It's not that Steam's data is SUSPECT, it's just that it's a sample of a sample of the world market. Valve reported back in January that Steam has 120 million monthly users worldwide, which is a fairly representative sample size in most countries Steam is available in, but remember that not all users participate in the hardware survey, and in countries outside the USA, especially APAC countries such as China and Vietnam, internet cafés are much more prevalent than here in the USA, and that's something that Steam directly targets (Steam PC Café). It was reported last year that internet cafés were using their machines to mine cryptocurrency while they were shut due to Covid restrictions, so if a cafe gets 100 nVidia cards in so they can flog away at ether, those machines are still going to be running Steam for gaming as well, so the user share of nVidia increases.
The real test is going to be when Intel gaming GPUs start getting on the market...
The internet cafe multi-counting problem occurred a couple of years back and Steam fixed the problem. Outside of that, the data is suspect simply because Valve has never said how it samples. If you don't do a pure random sampling — for example, if you bias toward sampling "new" or "unknown" hardware, or even PCs where the hardware configuration has changed since the last sample — then it screws up the statistics in a very bad way. Steam doesn't disclose how many PCs were sampled each cycle either. Theoretically, it could be "all PCs connected to Steam," but then why actually ask for people to opt-in on the HW survey? So, it's a possibly not random sampling, and that's by far the biggest issue.
As for Steam not representing all users, that's less of an issue. Presumably there's very little correlation between AMD GPU owners not using Steam and Nvidia owners not using Steam — though Intel GPU users not using Steam wouldn't be as surprising (eg, a lot of business PCs don't ever run Steam). We're mostly interested in gaming GPUs used to play games, and Steam is by far the most popular gaming distribution service. If Steam China takes over for regular Steam in that country and its users no longer count toward the totals, that would be a potential problem, but AFAIK regular Steam still works in China. If anything, I'd expect China to skew more heavily toward Nvidia (it's a more respected brand there, again AFAIK), with or without Internet cafes.
I should note that the
overall percentages of the market, according to Steam's DX12 data, are 80.48% Nvidia, 14.81% AMD, 3.98% Intel, and then 0.73% "other." It's interesting that the Intel percentage is so low, as everything with UHD 500 or later should be DX12 compliant I think. I suppose most people with Skylake or later CPU aren't using the integrated graphics? Or maybe it needs to be Kaby Lake or later?

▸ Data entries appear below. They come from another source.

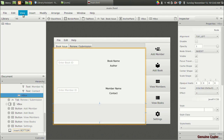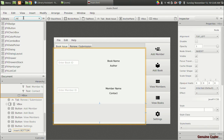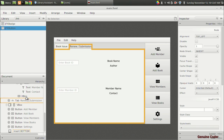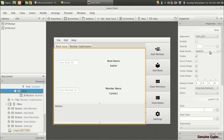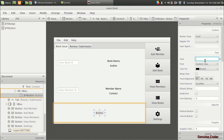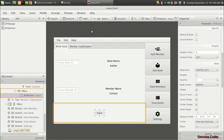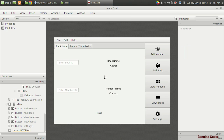Inside the new H-box I'll add a JFX button, set the H-box alignment to center, and name the JFX button 'Issue'. That's it — we have the issue button, and the book issue tab design is complete.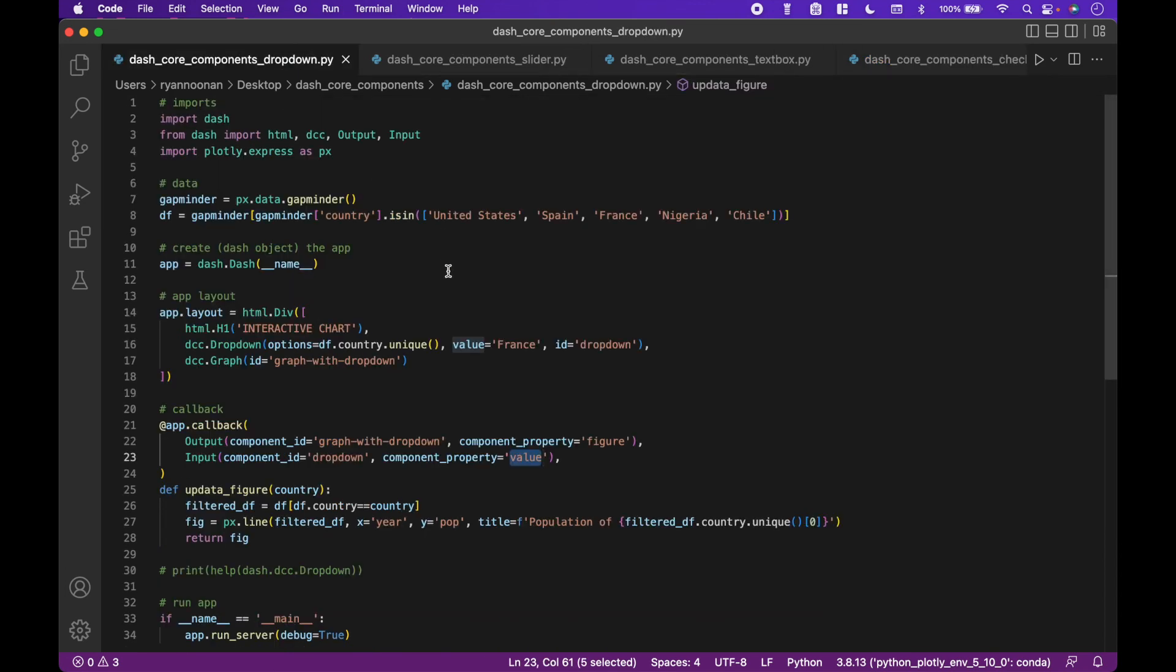You can also pass components into callbacks instead of IDs, which we might cover in a future tutorial.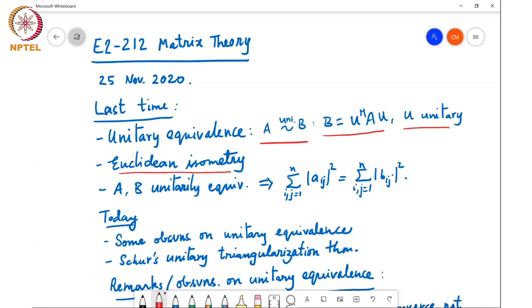The last time we looked at unitary equivalence: A and B are unitarily equivalent if B equals U-Hermitian A U, where U is a unitary matrix. We also looked at the notion of Euclidean isometry. We showed one small result which said that if A and B are unitarily equivalent, then the Frobenius norm squared of the two matrices — which is the sum of the squares of all the elements — will be equal.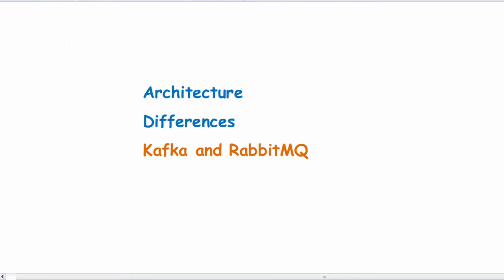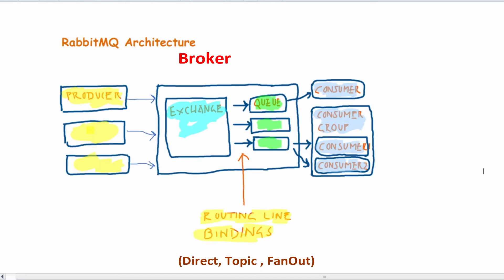Hello everyone, in today's video, we'll see the architecture differences between Kafka and RabbitMQ.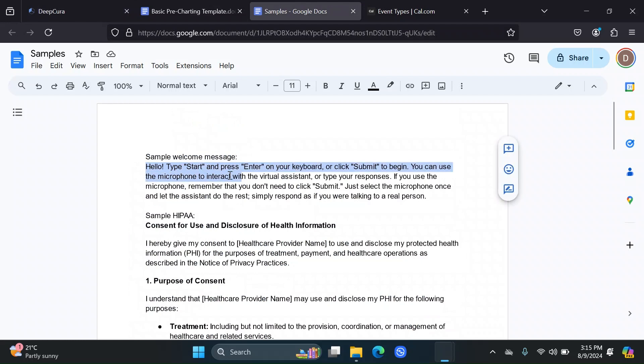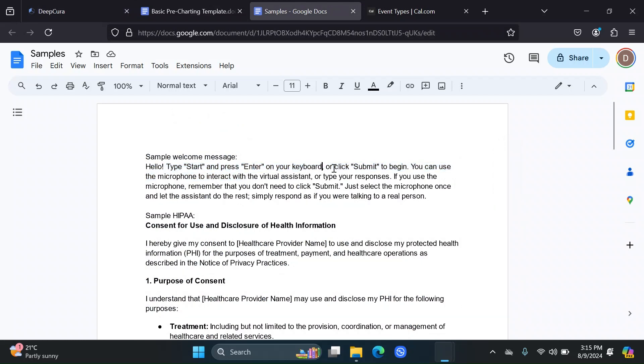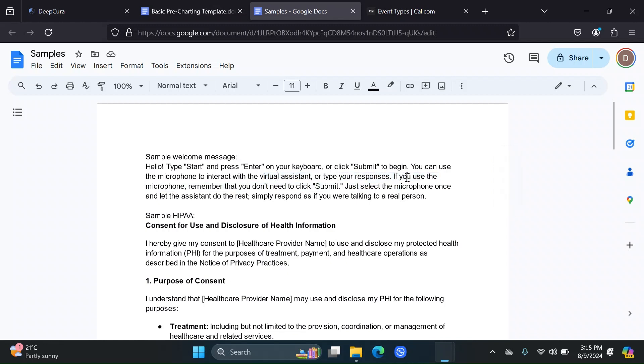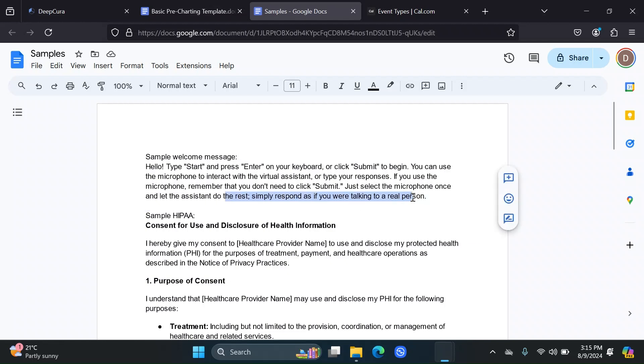Hello, type start and press enter on your keyboard or click submit to begin. You can use the microphone to interact with the virtual assistant or type your responses. If you use the microphone, remember that you don't need to click submit. Just select the microphone once and let the assistant do the rest. Simply respond as if you were talking to a real person.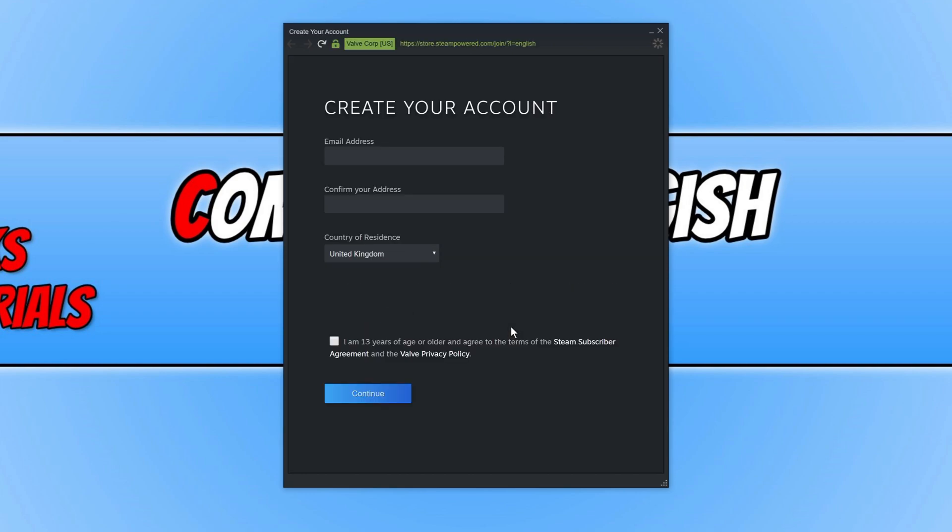It will then pop up with a window that looks like this. You now need to simply type in your email address, then go ahead and press continue and also agree to the terms if you do. You will then be given the option to choose a Steam username and a password.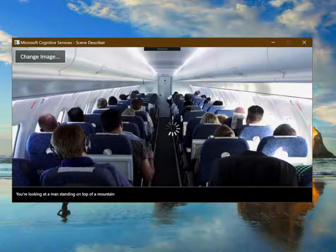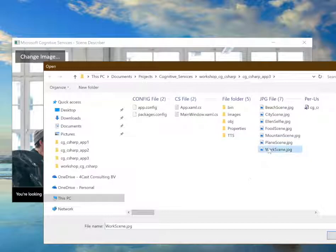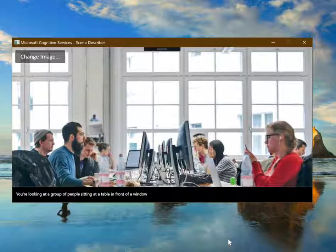You're looking at a group of people sitting around a plane. You're looking at a group of people sitting at a table in front of a window.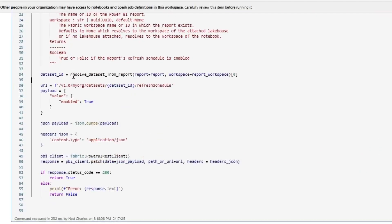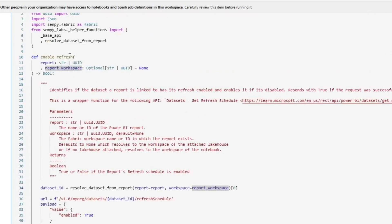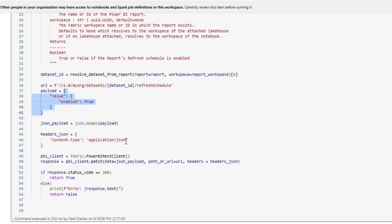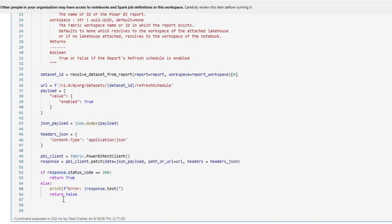Here's the function. First things first, we're going to use semantic link to get the dataset ID from the report name when it's called. The function takes a report — either a report ID or a report name — and a report workspace, either the ID or the name of that workspace. It then returns a dataset ID. We then submit an API request to the datasets endpoint with that dataset ID for the refresh schedule, but instead of using POST, we're using a PATCH request to deliver a JSON payload of 'enabled' to re-enable the workspace, and we let it know that payload is in JSON. If the API request returns successful, the function returns true; otherwise it prints the error and returns false.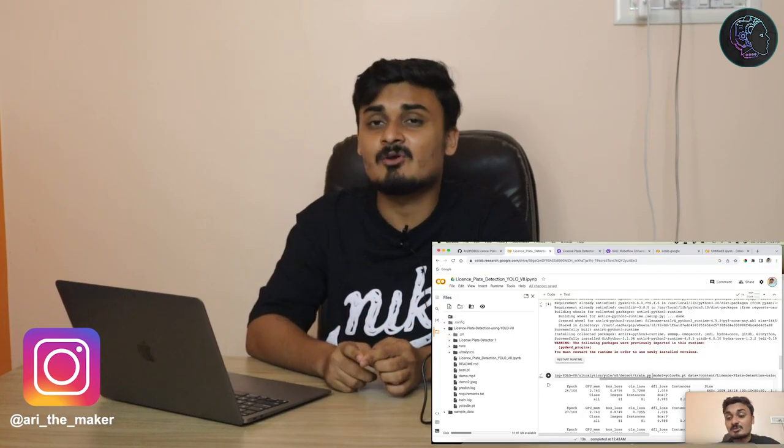Hello everyone, this is Arjit with a new video. In one of my previous videos I showed you how to train a custom model in YOLOv8 using Google Colab — specifically a license plate detection model. In this video I'm going to show you how to use those custom trained models in your Raspberry Pi to detect objects, so we're going to build a license plate detector on Raspberry Pi.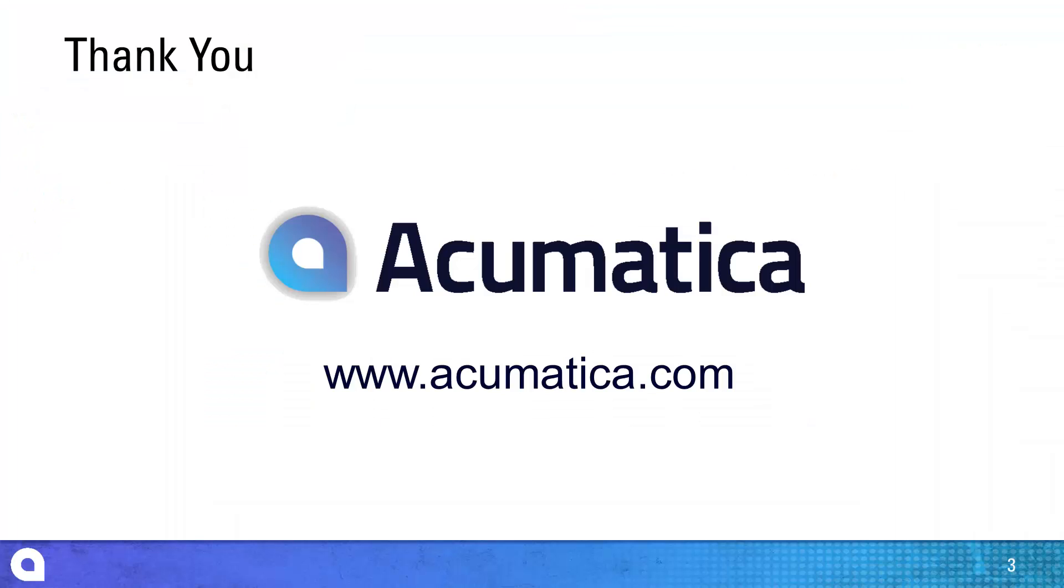For more information about Acumatica, visit our website to read documentation and view other videos.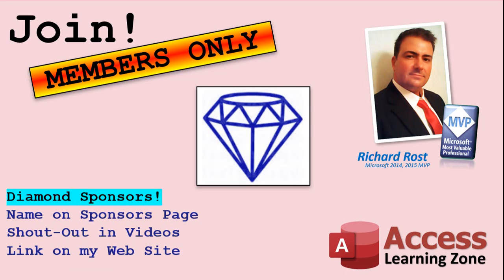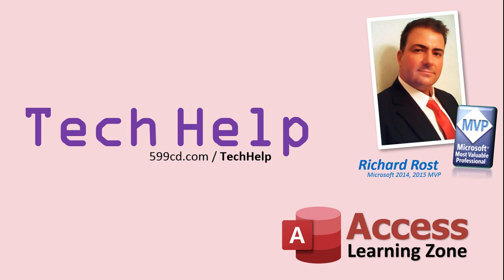You can now become a diamond sponsor and have your name or company name listed on a sponsor's page that will be shown in each video as long as you're a sponsor. You'll get a shout out in the video and a link to your website or product in the text below the video and on my website. But don't worry, these free tech help videos are going to keep coming. As long as you keep watching them, I'll keep making more, and they'll always be free.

Another interesting fact: If you look at the Vulkan API numbers, things get
really screwy. Go ahead and add up the first 15 or so percentages in the Vulkan GPU list.
https://store.steampowered.com/hwsurvey/directx/ I'll help you out. For August, the first 15 GPUs in the Vulkan list sum up to 103.70%. Oops! In fact, the entire list of 384 GPUs sums up to 194.80%! Clearly something is fubar with the way Steam presents that data. The DirectX 12 GPUs, all 212 of them, sum up to 84.44% for August as well, which indicates a different sort of problem. I divided all of the numbers in the list by the total percentage in order to normalize things to 100%, but the data might still be wrong.
Fundamentally, Steam may collect data incorrectly (non-random sampling), and the API list doesn't properly sum up to 100%. We're looking at ALL GPUs that can run a specific API, so it should be 100%, and it's not. That's bad and reduces confidence in the underlying statistics. Basically, you can't trust the Steam Hardware Survey, even if it's the best publicly accessible set of data that we have.